Work to be completed :: Transcribe every entry precisely, omitting nothing.

Material provided ::
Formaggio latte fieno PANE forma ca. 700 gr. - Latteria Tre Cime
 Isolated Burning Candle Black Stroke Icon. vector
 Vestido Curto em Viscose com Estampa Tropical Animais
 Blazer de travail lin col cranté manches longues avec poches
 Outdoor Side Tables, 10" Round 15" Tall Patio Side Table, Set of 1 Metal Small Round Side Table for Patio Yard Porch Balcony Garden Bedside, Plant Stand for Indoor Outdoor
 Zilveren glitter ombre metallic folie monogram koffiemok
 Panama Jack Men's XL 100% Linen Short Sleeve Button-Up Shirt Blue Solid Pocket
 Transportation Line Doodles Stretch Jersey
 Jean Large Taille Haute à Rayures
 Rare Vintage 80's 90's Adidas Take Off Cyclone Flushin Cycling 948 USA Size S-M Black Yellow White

Output for this exercise ::
Formaggio latte fieno PANE forma ca. 700 gr. - Latteria Tre Cime
 Isolated Burning Candle Black Stroke Icon. vector
 Vestido Curto em Viscose com Estampa Tropical Animais
 Blazer de travail lin col cranté manches longues avec poches
 Outdoor Side Tables, 10" Round 15" Tall Patio Side Table, Set of 1 Metal Small Round Side Table for Patio Yard Porch Balcony Garden Bedside, Plant Stand for Indoor Outdoor
 Zilveren glitter ombre metallic folie monogram koffiemok
 Panama Jack Men's XL 100% Linen Short Sleeve Button-Up Shirt Blue Solid Pocket
 Transportation Line Doodles Stretch Jersey
 Jean Large Taille Haute à Rayures
 Rare Vintage 80's 90's Adidas Take Off Cyclone Flushin Cycling 948 USA Size S-M Black Yellow White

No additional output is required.